La funcionaria cuestionó que su denuncia pública derivara en reacciones que minimizan lo ocurrido. “Hoy normalizan y hasta celebran la agresión contra alguien por hacer su trabajo, ¿qué le espera a la ciudadanía?”, planteó.
¿Qué ocurrió en el operativo de la Zona Rosa?
El recorrido formaba parte de los dispositivos nocturnos que la alcaldía intensificó en la zona por la afluencia de visitantes vinculada al Mundial 2026. La intervención buscaba notificar irregularidades relacionadas con la ocupación del espacio público y derivó en una confrontación con comerciantes.
La alcaldesa atribuyó la agresión a personas vinculadas con la diputada local de Morena y lideresa del comercio en la zona, Diana Sánchez Barrios, y anunció que las denuncias se dirigirían contra los presuntos responsables. La acusación no ha sido judicializada.

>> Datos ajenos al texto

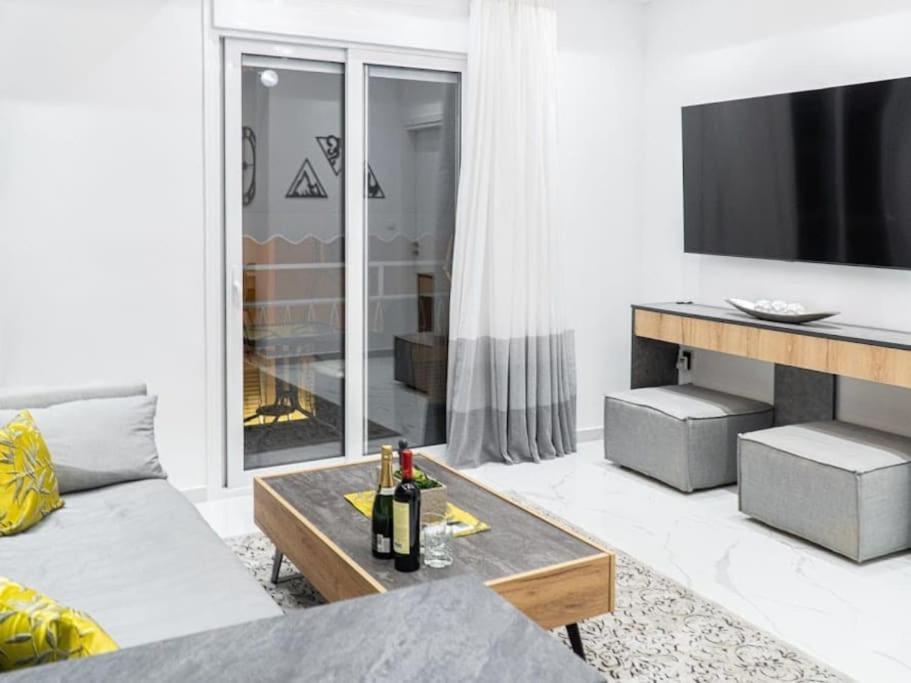 Apartamento Diamond In Kolonaki Central Atenas Exterior foto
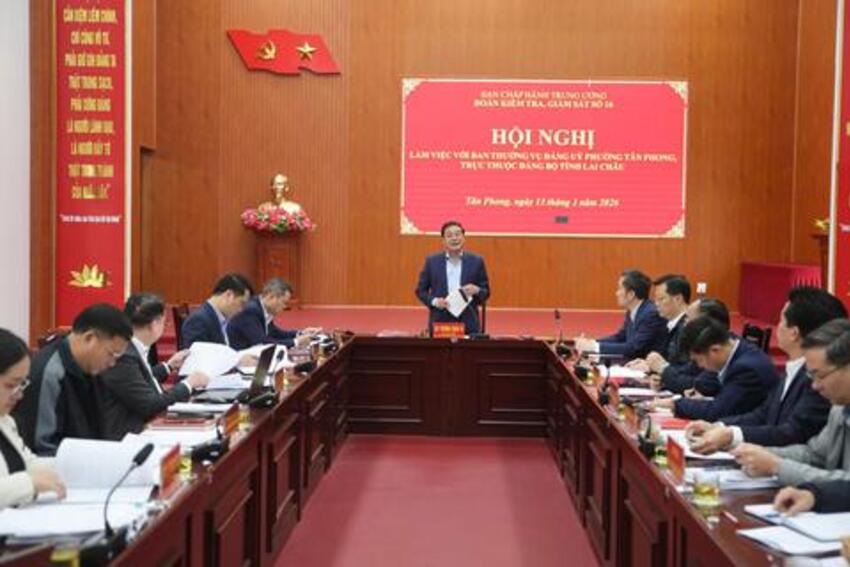 Đoàn Kiểm tra, giám sát số 16 của Bộ Chính trị làm việc với Ban Thường vụ Đảng ủy phường Tân Phong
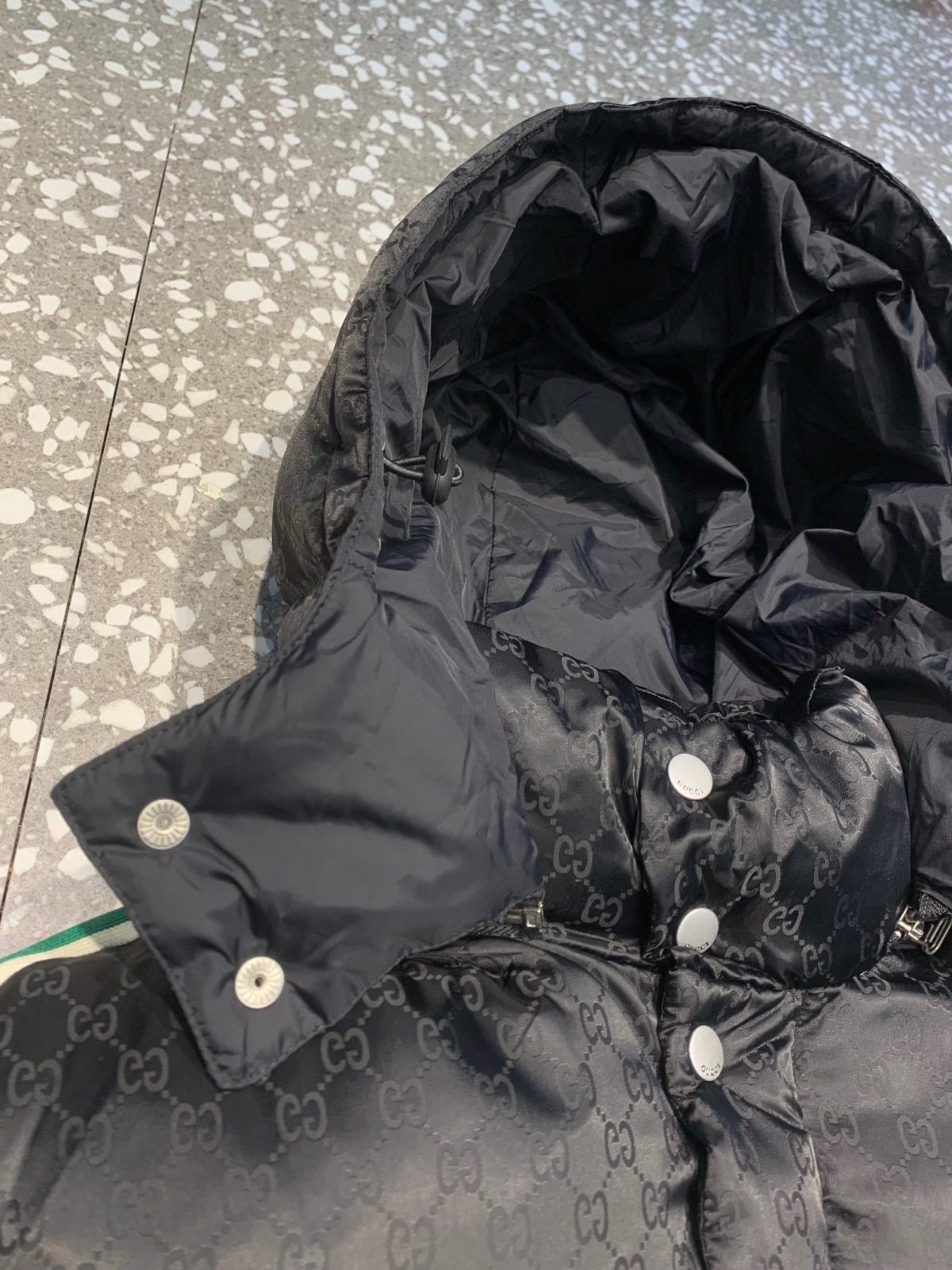 Gucci Winter Down Jacket Size S-2XL - Image 8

La Secretaría de Seguridad Ciudadana ofreció una versión distinta: describió el hecho como una riña entre personal de la alcaldía y comerciantes, con un saldo de seis policías capitalinos lesionados. Rojo de la Vega rechazó esa lectura y afirmó que se trató de “una agresión coordinada de personas que están cobijadas por la impunidad contra funcionarios públicos que estamos haciendo nuestro trabajo”.
La alcaldía Cuauhtémoc ha enfrentado otros episodios recientes que pusieron a la administración bajo presión pública, entre ellos el colapso de un edificio en demolición sobre la calzada San Antonio Abad.
Rojo de la Vega cerró su mensaje con una postura frente a quienes, dijo, relativizan lo sucedido: “La violencia no se negocia, no se justifica, no se aplaude. Nunca”.